Task statement. Find all the lines in the material below with the word "thumbnail", and copy them.

Start of Block

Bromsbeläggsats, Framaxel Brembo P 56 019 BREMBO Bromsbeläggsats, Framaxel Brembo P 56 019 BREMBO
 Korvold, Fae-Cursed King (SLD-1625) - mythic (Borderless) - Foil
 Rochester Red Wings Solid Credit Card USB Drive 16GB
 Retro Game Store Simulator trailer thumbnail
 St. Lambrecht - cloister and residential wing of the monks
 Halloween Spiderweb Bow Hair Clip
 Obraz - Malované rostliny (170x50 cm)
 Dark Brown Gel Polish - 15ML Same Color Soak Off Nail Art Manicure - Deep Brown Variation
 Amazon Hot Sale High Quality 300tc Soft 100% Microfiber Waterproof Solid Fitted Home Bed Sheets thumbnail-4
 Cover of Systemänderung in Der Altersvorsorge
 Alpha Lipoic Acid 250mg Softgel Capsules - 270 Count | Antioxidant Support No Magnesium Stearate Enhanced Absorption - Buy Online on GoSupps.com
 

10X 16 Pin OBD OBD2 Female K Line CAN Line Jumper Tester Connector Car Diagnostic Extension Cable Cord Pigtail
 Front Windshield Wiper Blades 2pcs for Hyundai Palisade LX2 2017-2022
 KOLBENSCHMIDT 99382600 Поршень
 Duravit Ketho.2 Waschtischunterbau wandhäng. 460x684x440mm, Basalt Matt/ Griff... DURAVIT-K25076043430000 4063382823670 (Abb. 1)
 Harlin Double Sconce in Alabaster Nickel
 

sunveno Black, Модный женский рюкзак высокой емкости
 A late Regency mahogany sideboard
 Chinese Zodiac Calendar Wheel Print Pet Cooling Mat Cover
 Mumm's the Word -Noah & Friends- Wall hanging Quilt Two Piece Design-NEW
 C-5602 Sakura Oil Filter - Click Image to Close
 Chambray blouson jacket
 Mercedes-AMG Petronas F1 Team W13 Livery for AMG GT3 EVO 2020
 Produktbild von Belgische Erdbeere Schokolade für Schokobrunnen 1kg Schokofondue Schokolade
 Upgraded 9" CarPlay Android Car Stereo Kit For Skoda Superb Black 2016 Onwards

End of Block

Result for this task.
 Retro Game Store Simulator trailer thumbnail
 Amazon Hot Sale High Quality 300tc Soft 100% Microfiber Waterproof Solid Fitted Home Bed Sheets thumbnail-4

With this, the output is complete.